The press release issued by the KSPCB says that KSPCB Chairman Vaman Acharya has instructed the BWSSB not to let municipal waste to the water sources. Houses, apartments, layouts, townships etc should never leave their waste water into drains and lakes. In such instances, suitable fines should be levied in order to ensure that such violations don’t happen in future.
KSPCB has also asked the BWSSB to clean up the water bodies that are polluted. The offenders who pollute should be named publicly.
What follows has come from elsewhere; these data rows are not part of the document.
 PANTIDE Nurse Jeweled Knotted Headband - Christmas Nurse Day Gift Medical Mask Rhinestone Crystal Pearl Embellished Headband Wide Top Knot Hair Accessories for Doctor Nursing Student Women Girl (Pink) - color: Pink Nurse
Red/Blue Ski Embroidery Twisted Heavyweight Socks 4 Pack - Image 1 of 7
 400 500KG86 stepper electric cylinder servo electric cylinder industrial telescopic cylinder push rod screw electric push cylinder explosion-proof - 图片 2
There should not be permissions given to the townships or apartments where there is a possibility of leaving the sewage into nearby water bodies.
The letter also proposes to constitute a vigilance team that has suitable powers to protect water bodies and act on the complaints of water pollution.
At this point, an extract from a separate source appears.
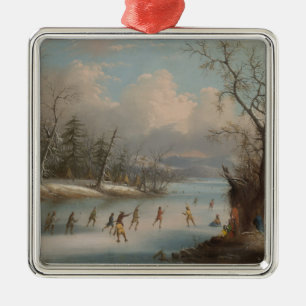 Amerikanischer Ureinwohner, der Lacrosse auf dem Silbernes Ornament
If the BWSSB officials don’t act on the directions of the letter, they will have to face action as per Water Pollution Prevention and Control Act, warns KSPCB chairman Vaman Acharya.
This warning has been given in the backdrop of complaints by retired Wing Commander G B Athri,on the pollution of Arakere, Madiwala and Subbarayan Kere.
Where there’s a will, there’s away!
In January, BWSSB had launched an innovative system of treating the sewage flown in Storm Water Drain adjacent to the KR Puram Sewage Treatment Plant.
Storm Water Drains are not meant for sewage flow, but only for runoff during the rainy season. Unfortunately, sewage is being let in these canals. In this context, BWSSB arranged for a small barrage based treatment system, which is cost-effective and produced immediate result.
Constructing a medium height barrage across the SWD, collecting the sewage through a pipe by way of gravity into a pit, pumping this sewage into the STP, releasing the same, but fully treated water to the same SWD at a short distance of the barrage which eventually will reach the designated lake – this is the workflow for the new system. As a result, treated water, not the sewage reaches the lakes, thus the lakes will get highly reduced quantity of sewage inflow. The cost incurred was only Rs 95,000.
Many STPs in Bangalore are incidentally situated adjacent to these storm water drains, hence the possibility of replicating this new system is a near possibility.
The installed capacity of K R Puram STP is 20 MLD. But only 5 MLD of sewage is being treated now. After installing this barrage based additional system, the capacity utilisation has gone upto 10 MLD. The total installed capacity of the STPs in Bangalore is 842 MLD, but the load is only around 40%. It was estimated that the average capacity utilisation can be raised by 5-12 MLD in each STP, by way of installing these barrage based pumping of sewage from SWDs.